Pemuda-pemuda Belanda yang ingin menjadi ambtenaar di Binnenland Bestuur (BB—semacam departemen dalam negeri) Hindia Belanda sejak awal diharuskan merupakan lulusan jurusan Indologi di Universitas Leiden atau Universitas Utrecht. Jurusan ini secara khusus mempelajari hukum, sejarah, bahasa, kebudayaan, dan hal lain terkait Indonesia dan sekitarnya. Para PNS Belanda di Papua pun tak terkecuali. Hingga sekira 1950-an, beberapa controleur yang bertugas di Papua adalah lulusan Indologi.
Mereka juga tidak bisa kerja asal-asalan karena punya kewajiban membuat laporan pertanggungjawaban selama berdinas, yang disebut Memorie van Overgave.
Sekira 1944, saat tentara Sekutu berhasil merebut Papua dari tangan Jepang, Nederlandsch Indië Civiele Administratie (NICA) membangun Bestuurschool atau Sekolah Pemerintahan di Kota Nica (kini Kampung Harapan), Sentani. Uniknya, seorang bekas orang buangan bernama Soegoro dipercaya menjadi guru penting di sekolah tersebut.
Bestuurschool mirip dengan Middelbare Opleiding School voor Inlandsche Ambtenaren (MOSVIA, sekolah menengah untuk calon pegawai negeri) pada zaman Hindia Belanda. Ratusan pemuda Papua dididik di sana. Setelah lima tahun, seperti disebut dalam buku Bakti Pamong Praja Papua di Era Transisi Kekuasaan Belanda ke Indonesia (2008, hlm. xiii), sekolah ini ganti nama menjadi Bestuurs Opleiding School (BOS, sekolah pendidikan pemerintahan).
Setelah menamatkan belajar tiga tahun, siswa sekolah calon pegawai negeri ini akan dipekerjakan di kantor pemerintahan.
BOS lalu diubah lagi namanya menjadi Opleidingsschool voor Inheemse Bestuursambtenaren (OSIBA) alias sekolah pelatihan untuk pegawai pemerintahan pribumi. Kampus OSIBA kemudian berubah menjadi Universitas Cendrawasih.
Nias yang Ditakuti Ambtenaar Batak
Daerah yang justru dianggap sebagai tempat pembuangan bagi ambtenaar kolonial adalah Pulau Nias. Pasalnya, Nias dahulu adalah daerah yang terisolasi dibanding dengan daerah Tapanuli—orang luar menyebutnya Tanah Batak—di seberangnya.
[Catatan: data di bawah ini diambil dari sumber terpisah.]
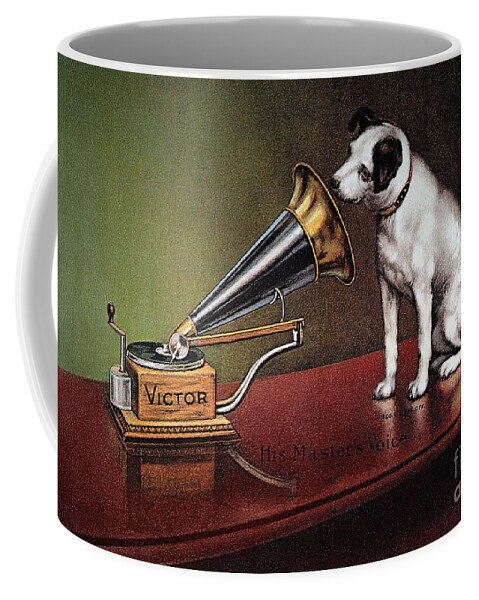 1920 Coffee Mug featuring the drawing Rca Victor Trademark by Granger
Pegawai kolonial yang makan bangku sekolah dan umumnya menyerap budaya Barat jelas lebih menyukai kehidupan kota dibanding daerah terpencil seperti Nias.
Ketakutan ambtenaar Tapanuli dipindah tugaskan ke Nias tercatat dalam memoar seorang controleur Belanda bernama A. Visser. Dalam buku Kenang-kenangan Pangrehpraja Belanda 1920-1940 (2001, hlm. 216) Visser menyebut, “Orang yang pernah bekerja di Tanah Batak akan menganggap pemindahannya ke Nias sebagai hukuman.”
Nias yang sepi tentu dianggap menyiksa bagi pegawai kolonial pribumi yang lebih akrab dengan keramaian kota. Pemerintah kolonial memanfaatkan hal itu untuk menakuti para ambtenaar pribumi agar mereka bekerja lebih baik.
Jika masih ada orang—terlebih pejabat negara—masih berpikir untuk memindahkan PNS ke daerah yang jauh seperti Papua, itu artinya kita belumlah lepas dari cara pandang kolonial yang usang.